At a Heritage architecture convention this weekend, much of the talk was about the environment. One speaker discussed climate change, and the steps we had to take to stop it, and ended with the question " I Drive a Prius. What Are You Doing?"
At the home in which I was staying, there was a magazine with an ad for a company peddling solar gear, with an image of a guy happily holding his car keys in front of a suburban house with a big photoelectric panel on the roof, I think implying that if you invest in solar you can make enough money to go buy yourself a new gas-guzzling convertible.
And I really have to wonder, what do people think sustainability is all about.

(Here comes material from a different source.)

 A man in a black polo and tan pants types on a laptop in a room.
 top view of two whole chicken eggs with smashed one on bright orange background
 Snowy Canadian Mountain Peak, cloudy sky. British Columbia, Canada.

Over at the Green Workplace, Jodi Williams describes another conference where planners show a new development in Colorado. She writes:
The new development was billed as being net zero - the community and community planners were clamouring for it! Super energy-efficient, beautiful new design, yay, let's do it!!!
We looked at the plan. Net zero or no, this development was full of unsustainable characteristics. First, and perhaps most importantly, it was out in the middle of nowhere. Yeah, so you're net zero while you're at home...but what about driving 5 miles to the nearest town, or 15 miles to the nearest small city (and Wal-Mart)? .... Maybe I'll go to my neighbour house. Nope, not happening either since the neighbourhood is a series of disconnected cul de sacs.
Great bike sticker from Microcosm publishing
Has the needle really moved so little in the last few years? That an "environmentalist" can seriously think that his driving a Prius is so significant that it is his wow closer? That the reward for putting solar panels on your roof is a new convertible? That a "net-zero" development doesn't have to include the gas you need to get a quart of milk?
We are all going to have to work a lot harder to move that needle, if this is what environmentalists, green energy companies and green planners think.